SAN FRANCISCO–In a move that is reminiscent of credit unions’ history with select employee groups (SEGs), a fintech has received new funding to expand its offerings of “bespoke banking lines” for specific industries.
The company, Slash, started out by providing banking services to sneaker resellers before pivoting to new industries.

Slash has now announced it has closed a $41 million Series B round at a $370 million valuation led by Goodwater Capital. The startup will use the funding, which comes two years after it raised $19 million in Series A and seed funding, to expand its business providing specialized financial services as a neo-bank, according to Fortune.
Less Overhead
“The neo-bank model means offering a limited array of banking services without the overhead of physical branches or a full-blown bank license,” Fortune explained.
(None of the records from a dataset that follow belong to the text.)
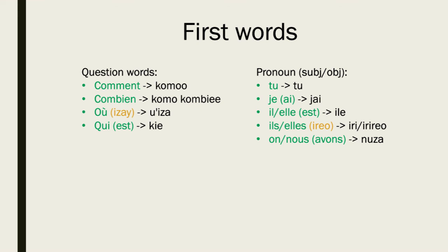The last pronoun is 'on' or 'nous.' I've decided to use 'nous' instead of 'on' because it ends with a vowel, and Malagasy words end with vowels. 'Nous avons' is a common combination, so 'nouza' is now going to be our word for WE.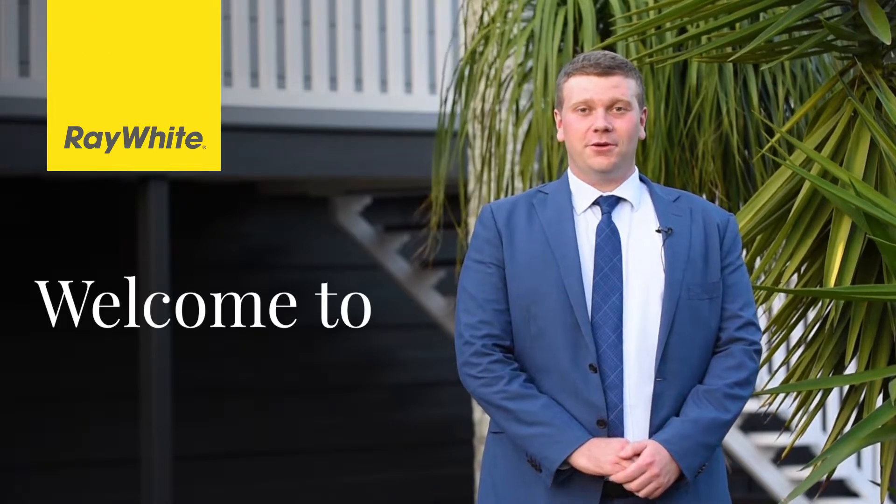Hi guys, it's Sam Muller from Ray White Logan City. Welcome to 11 Sandra Street in Kingston. This beautiful high set home has just been freshly renovated. There's heaps to check out inside, so come on through and let's take a look.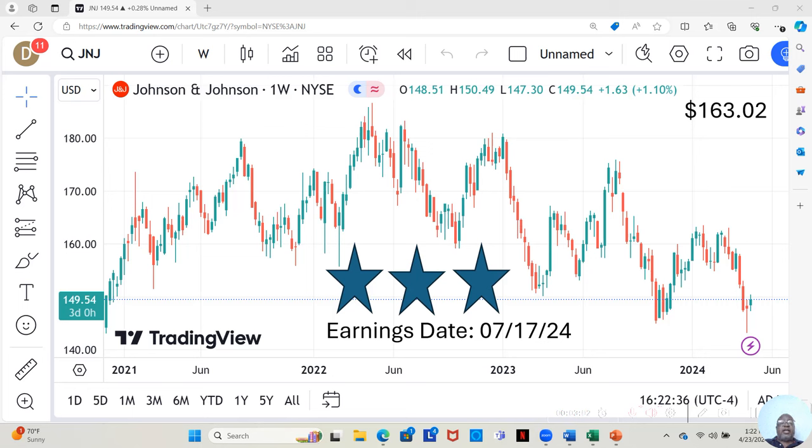In any event, Johnson & Johnson is currently at $149.54 a share. Yahoo analysts estimate it can move up to $163.02 in the next 12 months. So we are now going to jump into the analysis for this stock.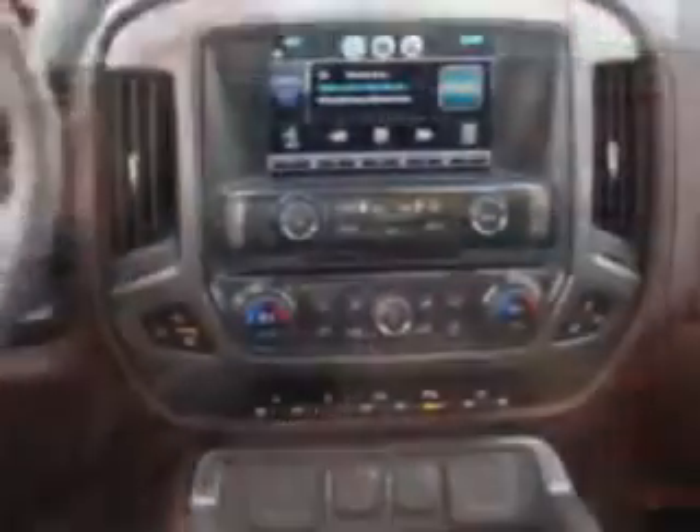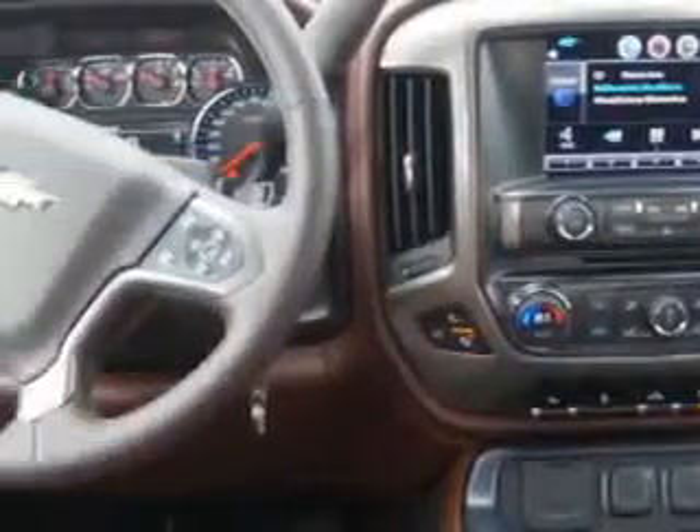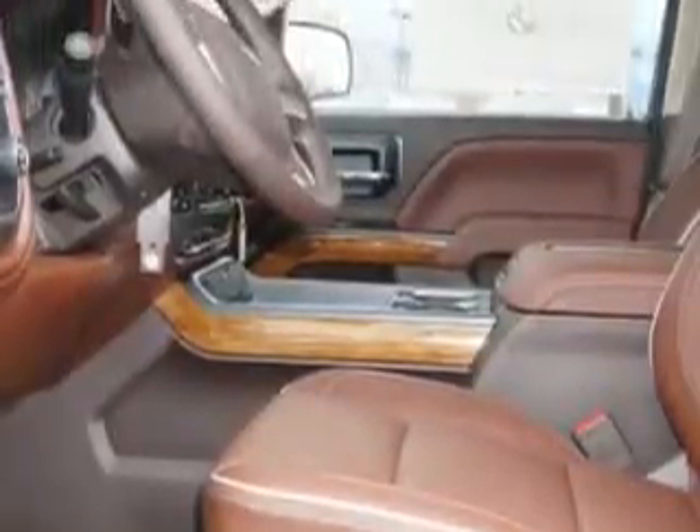Get where you need to go, enjoy the drive, and have peace of mind in this 2014 Chevrolet Silverado 1500. See us at Larry H. Miller Chevrolet of Murray today.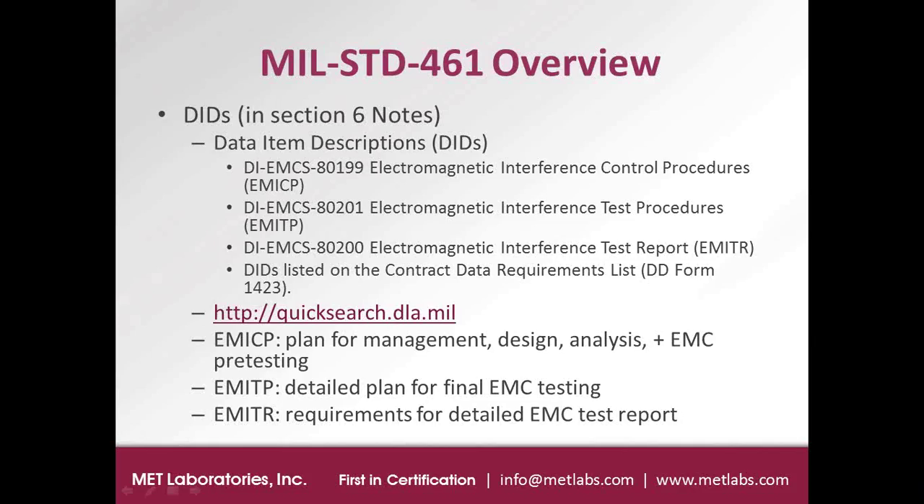There is a web link to a website controlled by the U.S. government that has access to a lot of military standards. The draft version of MIL-Standard 461G is available there. These are all free standards, but they're limited to unclassified documents.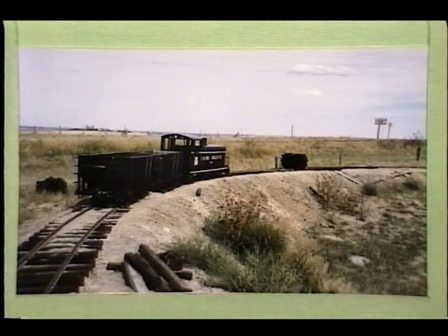The work train is at the end of track in September of 1992. Since then the track has been extended and a lot of the tunnel work has been done — it's almost completely dug out and almost ready to line.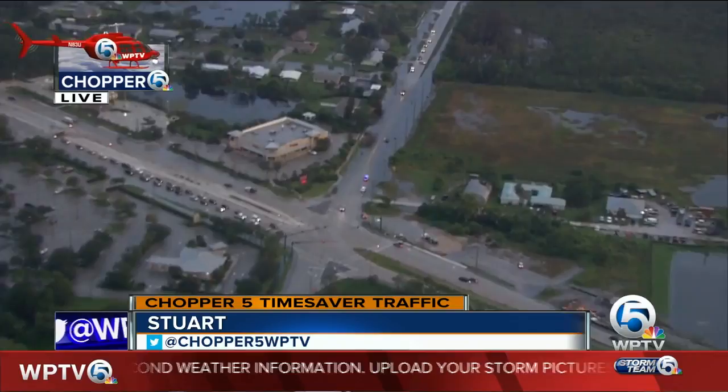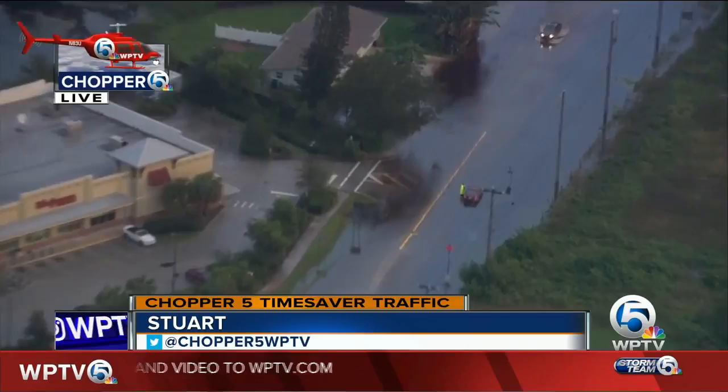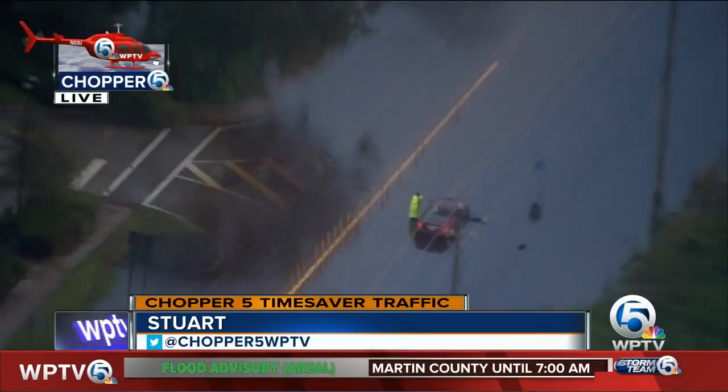One side of the street flooded. One vehicle went in there and flooded out in this area. They do have a tow truck getting ready to take it out here. But as you can see, they are allowing cars and trucks to get by to get to your destination.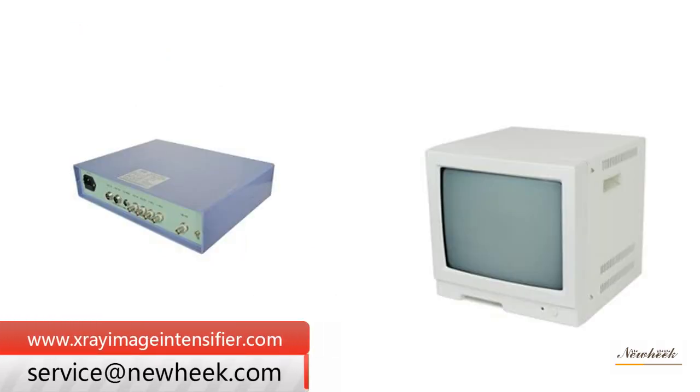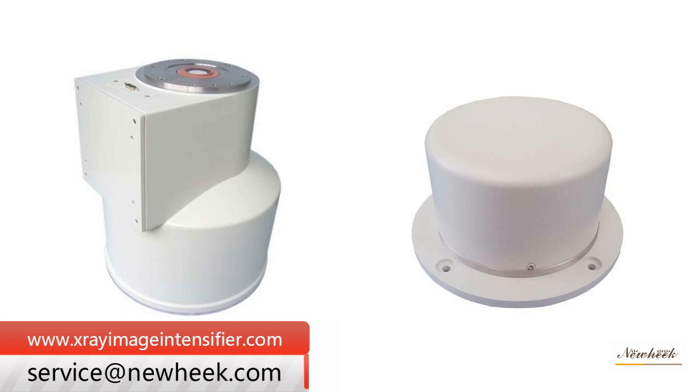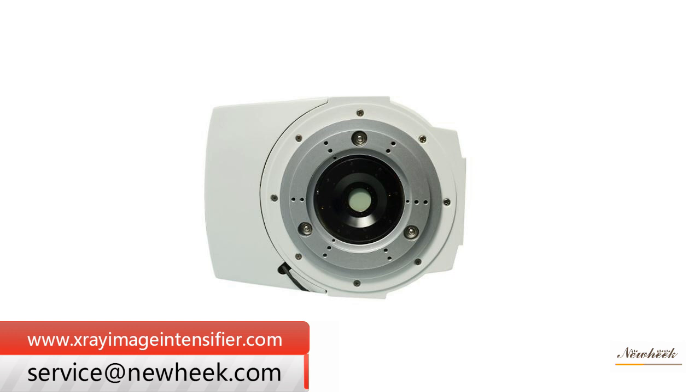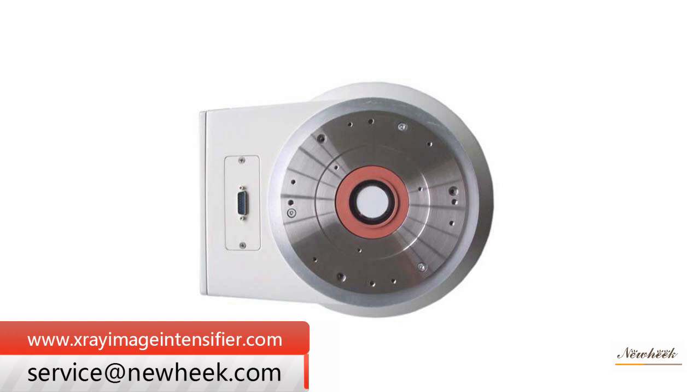The image intensifier TV system is the earliest intensifier TV system for industrial TV technology to be applied in the medical field. It uses the image intensifier to convert the invisible X-ray image into a visible light image with high brightness, and then converts it to an electrical signal through the camera. After amplification and processing, it is transmitted to the monitor by cable to display the tissue structure of a part of the human body.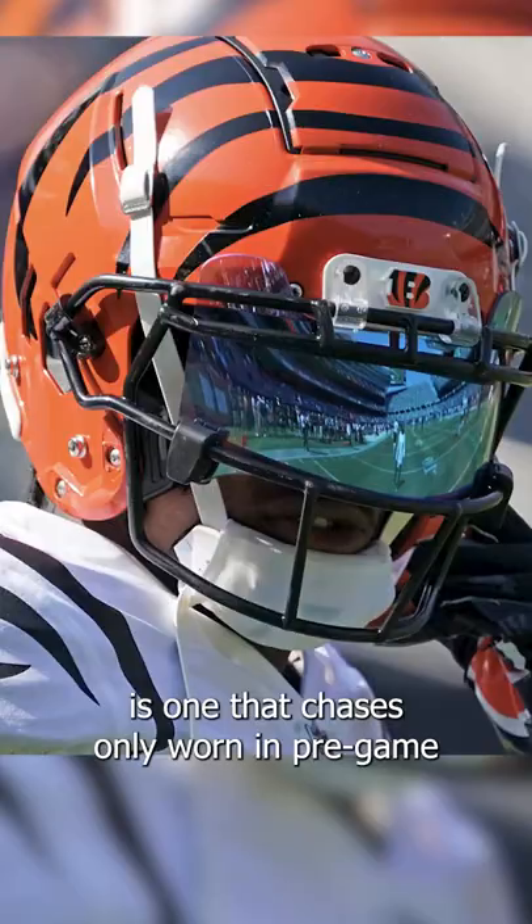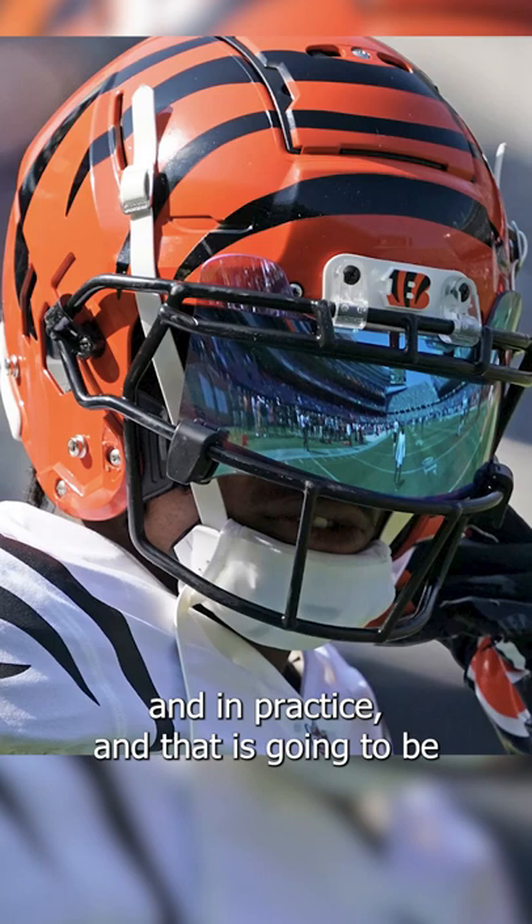Some of you guys have never worn a visor or don't understand why players wear them. One, it looks cool. Two, it helps keep debris, dirt, and grass out of your eyes. And three, it keeps fingers out, which happens a lot more than you think.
The strategy paid off, Fortune reported, with Slash’s revenue exploding and the startup raising seed and Series A rounds from top investors.
It pivoted to its new strategy after Kanye West made a number of anti-Semitic statements that led Adidas to end a partnership that had been one of the sneaker resellers’ most lucrative lines of business: Yeezys.
Reworked Infrastructure
For the past 18 months, Fortune reported that Slash reworked its existing infrastructure to target other sectors: namely, performance marketing agencies, crypto firms, and HVAC operators. The pivot worked, with the startup now processing around $300 million a month on its cards. “
“If we continue solving these niche, vertical, specific financial workflows for businesses across different industries,” one of its co-founders told Fortune, “Then we can sneakily become one of the largest commercial credit card issuers in the country.”